How to calculate year over year change

Introduction
Year over year (YoY) change is a widely-used financial metric that allows companies and investors to analyze the performance of a business, investment, or any financial variable over time. This measurement compares growth or decline between two consecutive years and is generally presented as a percentage. Understanding how to calculate YoY change is essential for anyone interested in assessing the progress or decline of a venture.
In this article, we will explain in detail how to calculate year over year change with clear examples and applications.

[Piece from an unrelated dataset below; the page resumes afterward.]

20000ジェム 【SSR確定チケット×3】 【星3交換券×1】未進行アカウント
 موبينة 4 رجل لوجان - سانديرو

Step By Step: Calculating Year Over Year Change
Step 1: Obtain the data
The first step in calculating YoY change is gathering the data for the variable you wish to analyze. This information usually comes from financial statements or records. For example, if you want to assess the YoY growth of a company’s revenue, you will need its annual revenue figures for the current and previous years.

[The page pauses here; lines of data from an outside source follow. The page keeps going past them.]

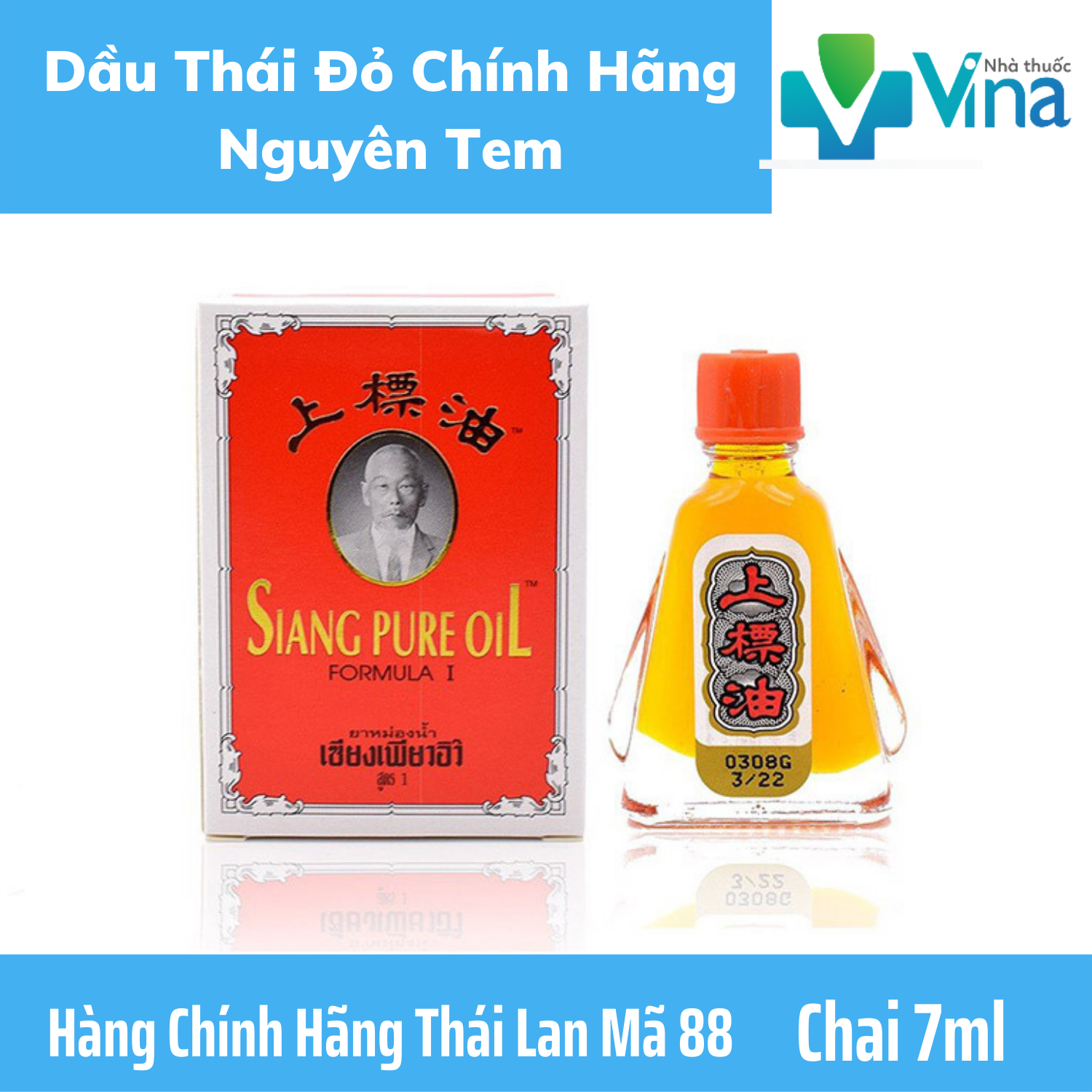 Dầu thái đỏ - dầu ông già - siang pure oil - 7cc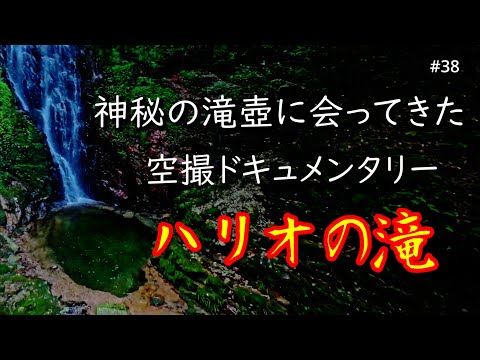 #38　秘境の名瀑 ハリオの滝　－ 神秘の滝壺 －　with Insta360 X5 & AVATA2　制作編付き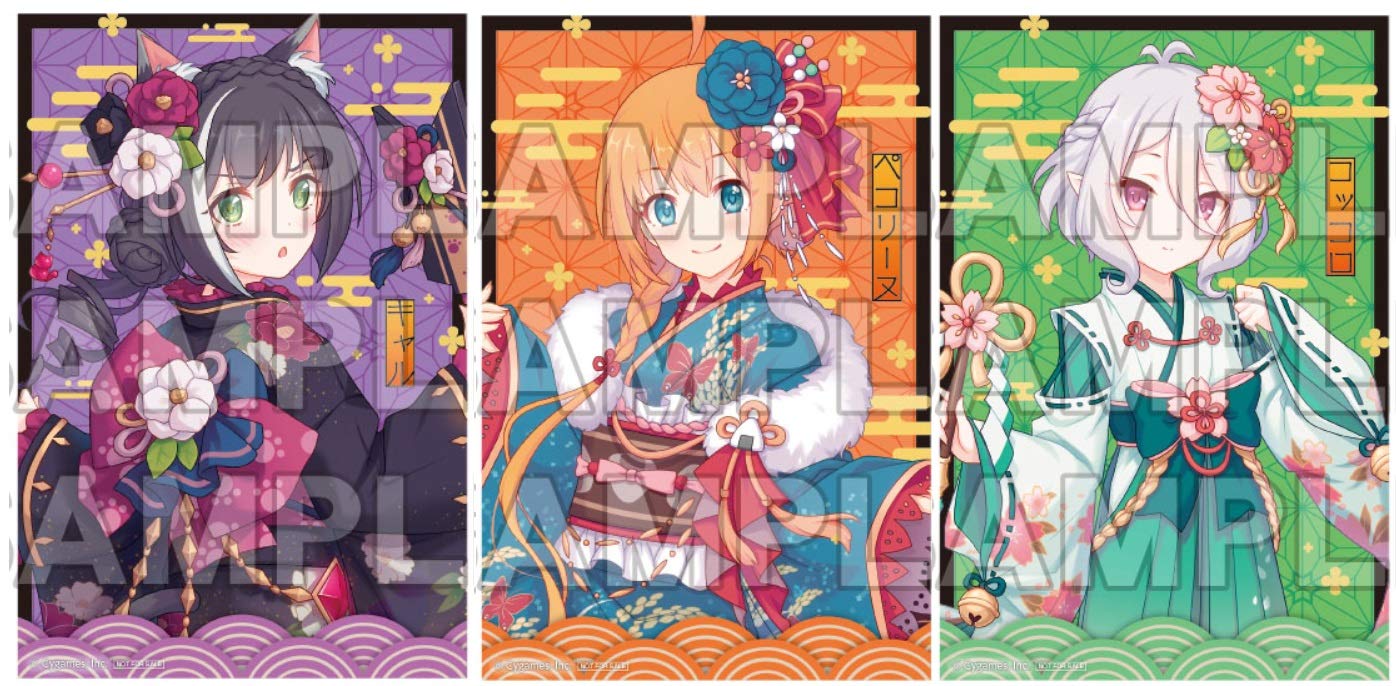 Amazon.co.jp: プリコネ プリンセスコネクト オンリーショップ 特典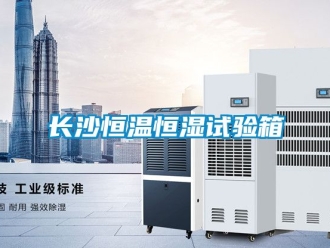 知識百科長沙恒溫恒濕試驗箱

Step 2: Develop the formula
The YoY change formula is relatively simple:
YoY Change (%) = ((This year’s value – Last year’s value) / Last year’s value) x 100
This formula calculates the percentage difference between two consecutive years’ values, indicating either growth or decline.
Step 3: Perform the calculation
Using the formula outlined above, insert your relevant values into their respective places. Subtract last year’s value from this year’s value, divide that result by last year’s value, and then multiply by 100 to convert it into a percentage.
Example:
Let’s assume Company A has an annual revenue of $400,000 this year and had an annual revenue of $300,000 last year. To calculate its YoY revenue growth:
YoY Growth (%) = (($400,000 – $300,000) / $300,000) x 100 = ($100,000 / $300,000) x 100 = 0.3333 x 100 = 33.33%
In this example, Company A experienced a YoY revenue growth of 33.33%.
Application of Year Over Year Change
Calculating YoY change is applicable in various contexts, including:
1. Revenue Growth: Assess a company’s progress by comparing revenue figures across two consecutive years.
2. Expense Analysis: Track the growth or reduction of specific expenses, such as staffing or marketing costs.
3. Investment Analysis: Evaluate the performance of stocks, bonds, or other investments by checking annual rate-of-return comparisons.
Conclusion
Calculating year over year change is an essential skill for anyone involved in finance, business management, or investing. By comparing data across consecutive years, you can gain valuable insights into a venture’s overall performance and make informed decisions moving forward. By following the straightforward steps outlined in this guide, you’ll be well-equipped to calculate YoY change with ease and confidence.